Winner of the first Peggy Ramsay Play Award, the drama is set in the early 19th century in north-east Scotland, and may come as a surprise to those who know Munro's work either from Bold Girls, her excellent tribute to the spirit of Belfast women, or from Ladybird, Ladybird, her harrowing screenplay about a mother whose children are hauled into care.
In taking a leap back into history, The Maiden Stone seems to suffer at times from a touch of the Howard Barkers, an unfortunate condition that encourages dramatists to transport extreme versions of current problems to a vaguely recreated and thus conveniently malleable period of the past. The play shows you the tragicomic collision between poverty-stricken locals and a touring troupe of English thespians, headed by Frances Tomelty's excellent Harriet. One of the "Barnets of Huddersfield", she eloped with an actor as a teenager and now comes the grande dame even when the company's fortunes reduce them to sleeping in a pig-sty. Munro has apparently based this character's career (on-the-road pregnancies etc) on documentary evidence. But the conditions of such touring remain irritatingly unclear. Why, for example, are they battling through snowy north-east Scotland when a winter tour of the south would be the saner solution?

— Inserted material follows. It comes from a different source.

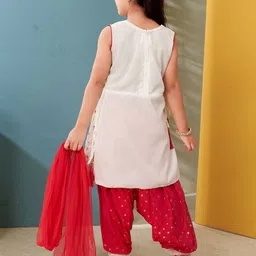 Sangria Girls Pack Of 2 Embroidered Straight Kurta Patiala With Dupatta image 4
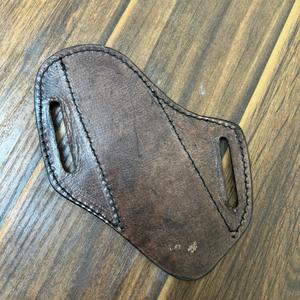 Funda de Cuero para Cuchillo de Caza y Camping con Logotipo Personalizado, Porte Horizontal, Venta al por Mayor en Europa, Acero al Carbono de Primera Calidad para Bushcraft - Product Image 3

"Ay, I had a man, a bonny loon... he just tugged the pleasure out of me, like my holy well with laughing...": a good deal of the play is written in the Doric dialect, and at times you feel subtitles would be appropriate. The above speech, one of the intelligible ones, is delivered by Harriet's wet nurse, the formidable tinker Bidie (Carol Ann Crawford). Through her, the story of the maiden stone is re-enacted. Astride a cart pulled by her wild brood of children, she is now the pursuer rather than the pursued, hunting down her diabolic former husband.
The play's best sections are those where this latter, a mysterious travelling tinker, splendidly performed by Alexander Morton, drives disastrous bargains with other characters. But neither the script nor Matthew Lloyd's vivid production (which also has a Howard Barker-ish feel in its tragic jokiness) convince you that there aren't two plays here masquerading as one. By the end, the girl (Shirley Henderson) earlier seen setting off to be an actress, has slept with the devil, and her baby has been left to die of exposure by Harriet. It's an odd CV, but I think the play wants us to think it will stand her in good stead.